2.1           Mengembara Menuntut Ilmu

Sahal menerima pendidikan dasar dan spiritual langsung dari guru belajarnya, Muhammad bin Sawwar, guru instrukturnya Hamzah al-‘Abbadani dan juga guru mistiknya yang terkenal Zun al-Nun al-Misri. Sahal juga berguru kepada pamannya yaitu Khalid Muhammad bin Sawwar. Pada suatu ketika Imam Sahal melihat gurunya itu sedang khusyu’ beribadah dan bermunajat kepada Allah pada sepertiga malam. Hal ini membuat Sahal terkesan, sehingga ia senang melaksanakan ibadah tersebut.

Pada suatu hari, pamannya berkata pada Sahal, “Wahai Sahal! Apakah kamu tidak ingat kepada Tuhanmu yang menciptakan? Berdzikirlah!” Sahal berkata, “Wahai pamanku! Bagaimana caranya aku untuk mengingat Allah dan berdzikir?” Pamannya berkata : “Ucapkanlah zikir dengan membaca Allahu syahidi, Allahu ma’i, Allahu nazhiri ilayya”. 

Sahal berkata, “Aku membacanya tiga malam berturut-turut hingga aku mengetahui betul dengan hal tersebut. Kemudian paman menyuruhku untuk membacanya tujuh kali dalam sehari dan aku amalkan hingga aku sudah memahami hal tersebut. Sedang beberapa tahun kemudian paman berkata kepadaku: “Jagalah apa yang telah aku ajarkan dan bacalah terus menerus sampai masuk ke dalam kubur, karena hal itu sangat berguna dunia dan akhirat”.

Sahal mengamalkan hal tersebut selama beberapa tahun lamanya hinga merasakan manisnya ibadah, kemanisan ibadah tersebut memenuhi anggota tubuhnya dan dapat menguasai seluruh nafasnya. Hal itu mampu ia rasakan karena dia selalu ingat dan melatih diri untuk selalu dzikir kepada Allah, hingga bacaan dzikir tersebut menjadi wirid harian bagaikan santapan yang harus dimakan. Sahal selalu menyendiri dan menghindar dari maksiat, hari-harinya dipenuhi dengan ibadah, tahajud dan dzikir kepada Allah, padahal waktu itu beliau baru berumur 6 tahun, dan belum pergi untuk belajar menuntut ilmu.

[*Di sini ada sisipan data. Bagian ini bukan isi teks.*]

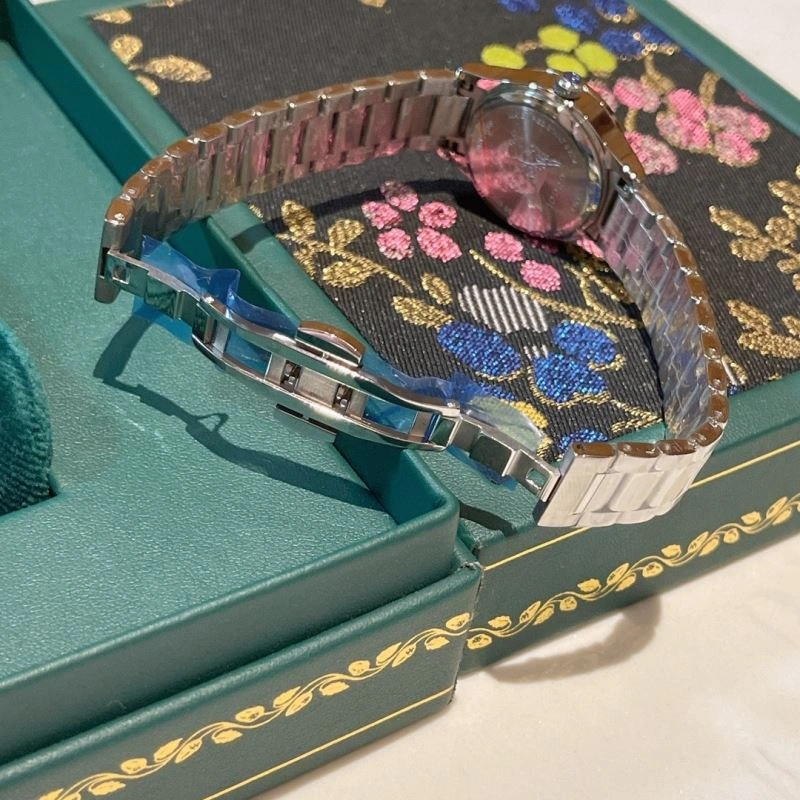 Trendsetting GUCCI Watches 182710
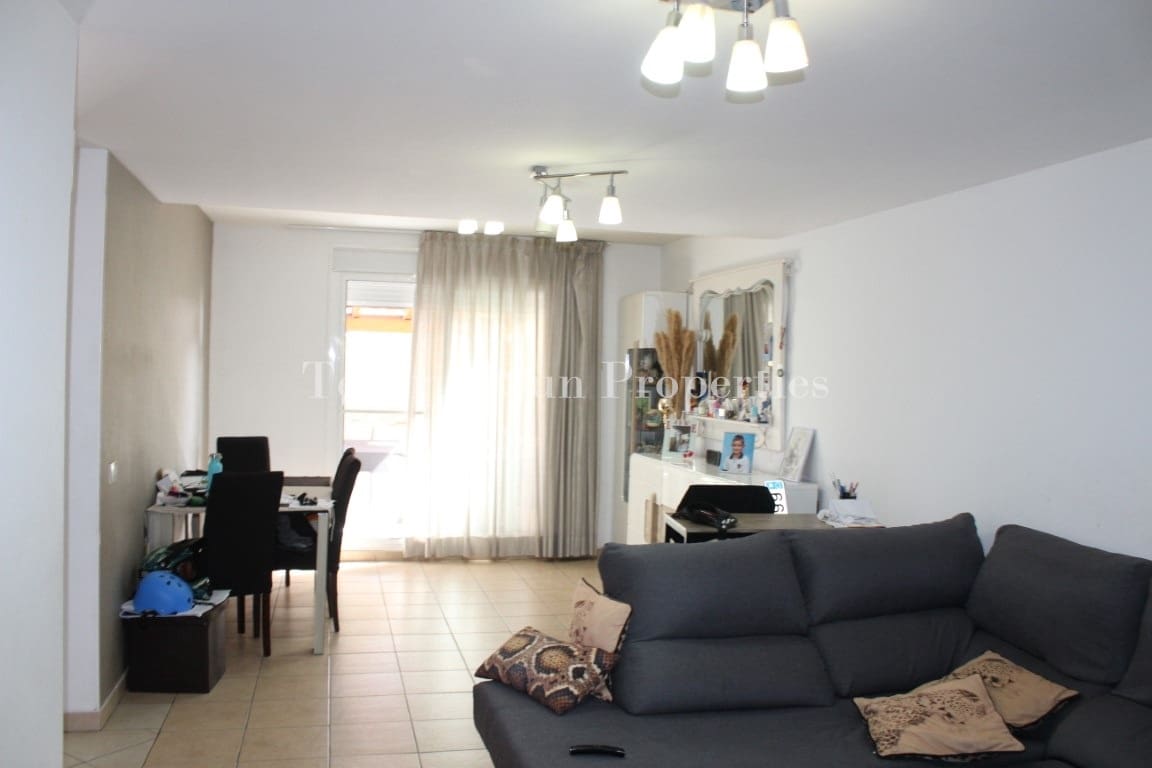 4 soverom Hus til salgs i Costa Adeje med svømmebasseng garasje - € 630 000 (Ref: 8480055)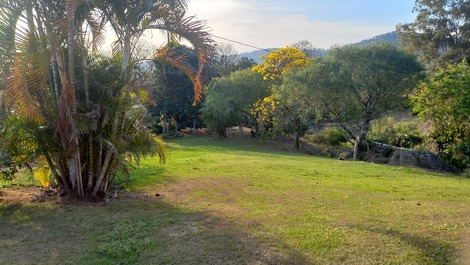 Paz, sossego, montanhas, ar puro, é o que a vida no campo representa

Lalu beliau disuruh pergi belajar dan disyaratkan hanya satu jam saja dalam sehari, agar dzikir dan ibadahnya tidak ketinggalan dan otaknya tidak tercampur hingga kacau. Beliaupun melakukannya hingga beliau dilimpahi kebaikan yang sangat banyak, merasuk ke dalam hati. Beliau hafal al-Qur’an dan paham tentang pelajaran. Beliau cukup dengan makan satu potong roti saja dan terkadang sedikit daripada itu.

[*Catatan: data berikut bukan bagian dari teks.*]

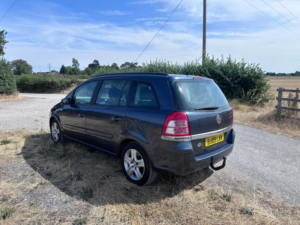 2009 Vauxhall Zafira 1.9 Cdti Exclusiv Auto Euro 4 5dr in Blue — image 5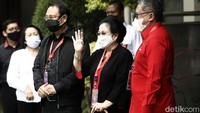 Setibanya di Sekolah Partai PDI Perjuangan, Megawati menyapa dan mengajak para awak media untuk berfoto bersama.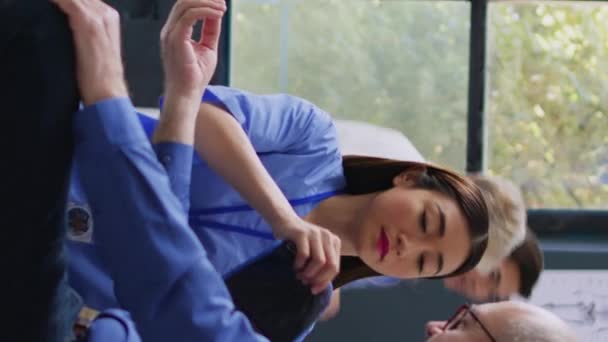 Vertikales Video Krankenschwester Bei Der Hypertonieuntersuchung Mit Medizinischem Tonometer Wartebereich — Stockvideo
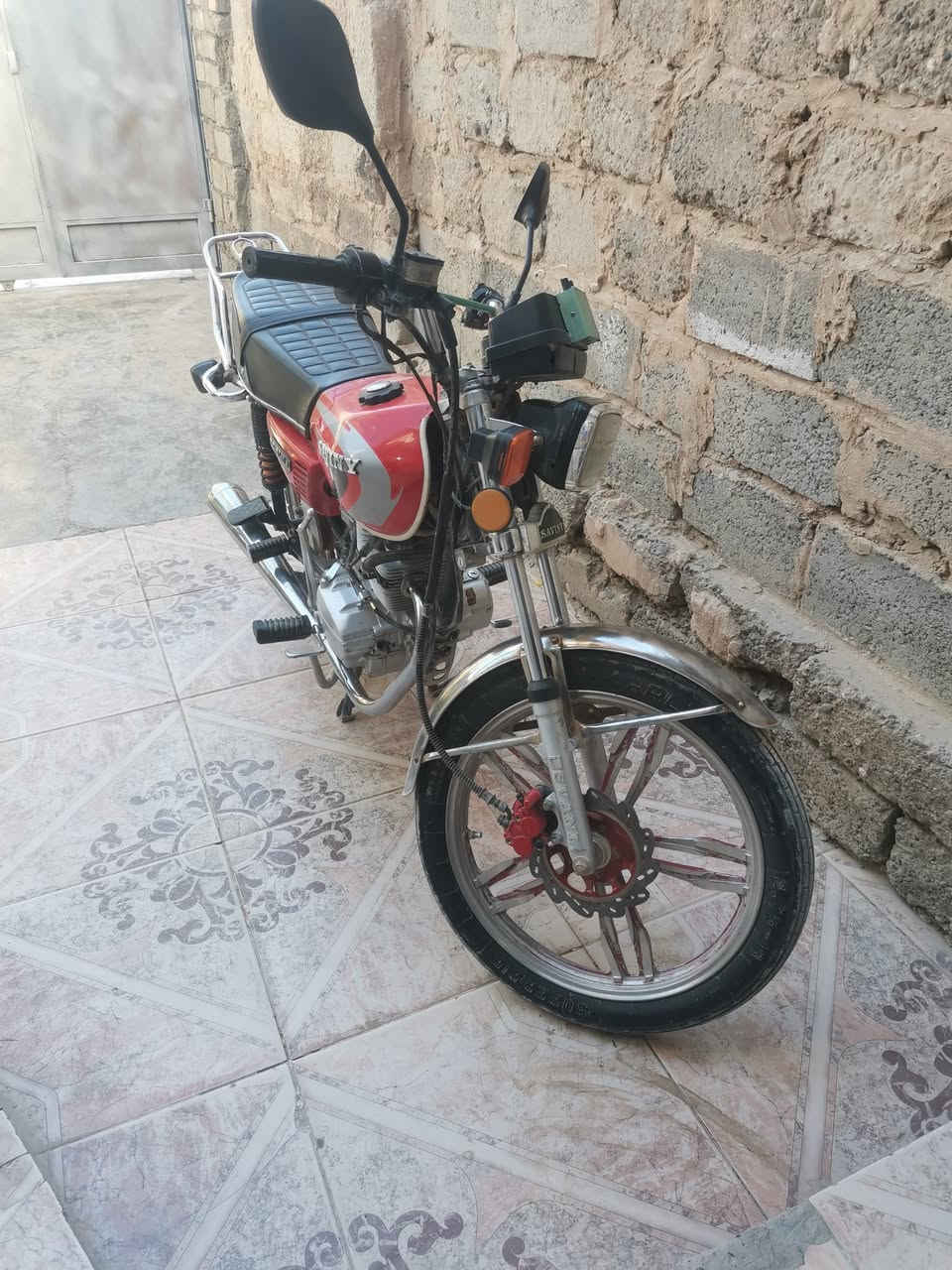 السلام عليكم ورحمه الله وبركاته 
دراجة سيفان مديل 21 للبيع 350 وبي مجال للشراي


**إذا كنت صاحب هذا الإعلان وتريد حذفه لأي سبب، رجاءا أرسل رسالة إلى الدعم الفني**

Pada usia 13 tahun, Sahal mengalami krisis spiritual dalam bentuk pertanyaan mendalam yang terus menerus mengganggunya. Beliau pun pergi ke pulau Abbadan pada tahun 216 H/ 831 M untuk menemukan jawaban atas pertanyaannya, di tempat inilah beliau bertemu dengan Abu Habib Hamza bin Abd Allah al-Abbadani. Kemudian dari Abu Habiblah yang pada akhirnya dapat memberikan al-Tustari jawaban terhadap pertanyaan-pertanyaan yang mengganggunya. Sahal al-Tustari pun menetap dengan Abu Habib untuk beberapa waktu, dalam rangka memperoleh manfaat dari pengetahuannya dan melatih diri dalam cara-cara adab sufi.

Setelah periode pelatihan dibawah seorang guru spiritual, Sahal kembali ke kota asalnya, Tustar. Tidak lama kemudian, ia mengadakan beberapa perjalanan, termasuk perjalanan untuk menunaikan ibadah haji ke Mekkah pada tahun 219 H/ 834 M. Sebagaimana Sarraj di dalam kitabnya al- Luma’ fi al-Tashawwuf mengomentari bahwa peristiwa haji ini dilakukan oleh Sahal hanya sekali saja seumur hidupnya, sehingga Sarraj menyebutnya dengan sebutan haji Islam (hajj al-Islam). Kenyataan ini menandai perbedaannya dengan para sufi lain yang lazimnya melakukan haji berkali-kali selama hidup mereka.

Ketika melakukan ziarah ke Mekkah pada tahun 219 H/ 834 M inilah, Sahal pertama kali bertemu dengan Zun al-Nun al-Misri (wafat. 245 H/ 860 M). Pengaruh Zun al-Nun al-Misri ini terasa sangatlah penting, terutama dalam mengajari hal tawakkal kepada Allah yang merupakan salah satu doktrin utama Sahal dalam menjelaskan tafsir Qur’annya.

Pengaruh Zun al-Nun al-Misri yang cukup dominan ini berbuah pada tumbuhnya sikap hormat Sahal terhadap teman sejawatnya ini, yang bagi sebagian kalangan disebut pula sebagai guru Sahal al-Tustari. Sebagaimana ditunjukan melalui sikap Sahal yang enggan menerima murid sampai Zun al-Nun al-Misri meninggal dunia pada tahun 246 H/ 861 M. Saat kematian Zun al-Nun dikabarkan, akhirnya Sahal al-Tustari memulai membuka diri untuk mengajarkan ilmunya kepada para pengikutnya.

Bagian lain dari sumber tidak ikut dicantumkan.